Oltre alle previsioni di cui all’art.17 del D.Lgs. 42/2004, la necessità dell’intervento regionale è espressamente prevista in materia di beni paesaggistici dall’art. 132 Cod. (Osservatorio nazionale ed osservatori regionali per la qualità del paesaggio), ma ciò è da considerare anche come riconoscimento di un’esigenza concernente tutto il patrimonio culturale, a ulteriore riprova della sua unitarietà.

 L’obiettivo di un sistema nazionale del catalogo fondato su cataloghi regionali, già indicato dall’accordo Stato-Regioni del 2001, deve essere dunque confermato ed attuato, utilizzando anche le nuove disposizioni del Codice, e ponendo attenzione alla necessità di uno strumento conoscitivo per l’insieme del patrimonio culturale.

Fruizione,  valorizzazione, gestione. 

 Fruizione e valorizzazione sono attribuite alla competenza statale e regionale. La valorizzazione, peraltro, segue anch’essa, per una parte, il principio della separazione, in linea con gli enunciati della corte Costituzionale (sent. n. 26/2004).

 E’ evidente la necessità di forme di ricomposizione e di integrazione, da realizzare attraverso accordi e intese che il Codice stesso, in specie agli artt. 102 e 112, provvede ad indicare, anzi a rendere in qualche modo sostanzialmente doverose (art. 112, c. 5). Di questi accordi possono essere parti lo stato, le regioni, gli altri enti territoriali, ed anche i privati, cosicché vengono ancor più in luce i rischi e le esigenze segnalate.

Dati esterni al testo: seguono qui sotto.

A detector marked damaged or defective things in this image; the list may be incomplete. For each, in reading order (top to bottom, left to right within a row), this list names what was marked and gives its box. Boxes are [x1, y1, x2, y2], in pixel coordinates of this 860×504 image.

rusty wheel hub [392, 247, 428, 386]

  In particolare, si debbono perciò:

a) preliminarmente definire i criteri generali e le procedure previste dal c. 6 dell’art. 112, il che  consentirà di predeterminare modi e forme di integrazione con i privati, in applicazione di uno dei più  generali principi in precedenza elencati;

b)  progettare, programmare e specificare, mediante apposite previsioni ed anche con graduazione temporale, quei trasferimenti che, ai sensi dell’art. 102, in relazione alle condizioni reali di  singoli “istituti e luoghi di cultura”, consentano integrazioni proficue dal punto di vista della funzione essenziale ed unitaria del bene culturale, che è la sua destinazione all’uso pubblico.

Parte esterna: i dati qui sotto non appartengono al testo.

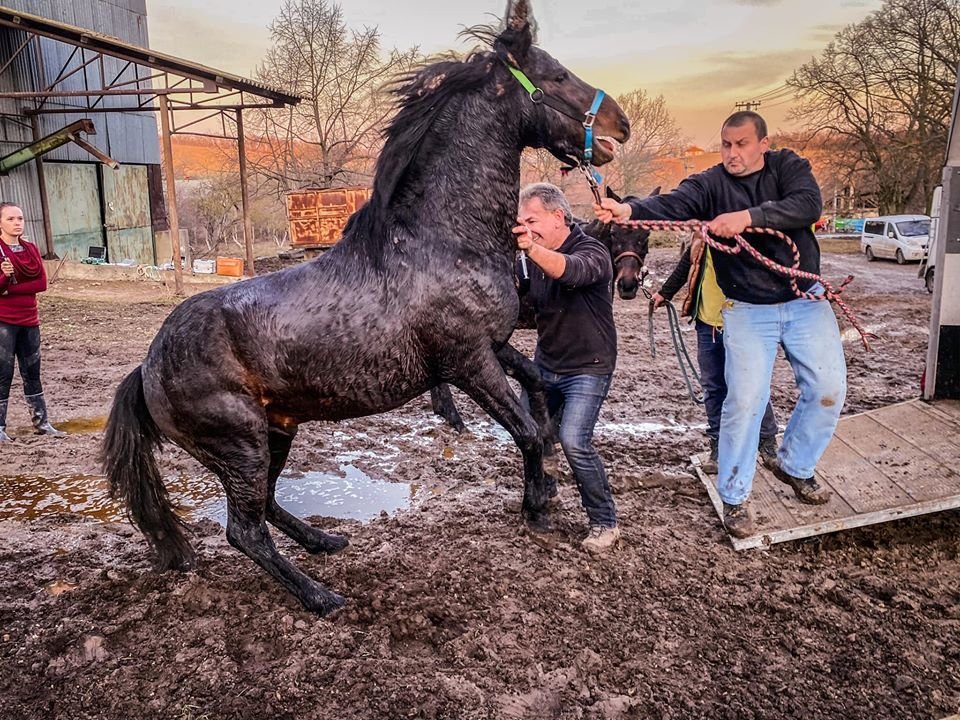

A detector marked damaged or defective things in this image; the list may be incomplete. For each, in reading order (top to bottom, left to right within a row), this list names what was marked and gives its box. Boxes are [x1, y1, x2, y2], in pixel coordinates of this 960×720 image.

rusty container [284, 187, 372, 249]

 Separata attenzione meritano gli accordi in punto di gestione, di cui all’art. 115, c. 7, anch’essi da considerare nel complesso del  quadro di collaborazione con lo Stato.

Conclusioni.

In ragione di quanto sopra esposto, le regioni chiedono al Ministero l’apertura di un tavolo di lavoro,  sul modello di quello a suo tempo attivato per la definizione degli standard per i musei ai sensi  del comma 6 dell’Art. 150 del Dlgs. 112/98, al  fine di definire regole e standard condivisi  fra lo Stato e le Autonomie, in materia di tutela dei beni culturali, di catalogazione,  ai quali improntare l’esercizio delle funzioni eventualmente assegnate, tramite accordi o intese, al sistema delle Autonomie. E’ ugualmente urgente avviare un confronto sull’attuazione delle previsioni di cui all’Art. 102 del D.lgs 42/2004, relativo al trasferimento della disponibilità di istituti e luoghi della cultura, dallo Stato al sistema degli enti locali

Il confronto fra Stato e regioni in sede centrale non potrà tuttavia prescindere,  laddove possibile e opportuno, dalla sperimentazione, nelle singole realtà regionali, di concreti percorsi operativi  in ambito regionale. Le regioni sono infatti, in relazione alle loro competenze ed al ruolo ad esse complessivamente spettante, il soggetto istituzionale in grado di garantire da un lato la promozione ed il coordinamento delle iniziative e, dall’altro,  effettive misure di indirizzo e di governo, capaci di evitare la frammentazione e la sterilità delle singole esperienze. E’ questa la strada da percorrere per perseguire l’obiettivo della costruzione di un sistema nazionale di governo dei beni e del patrimonio culturale,  costituito da  sistemi regionali.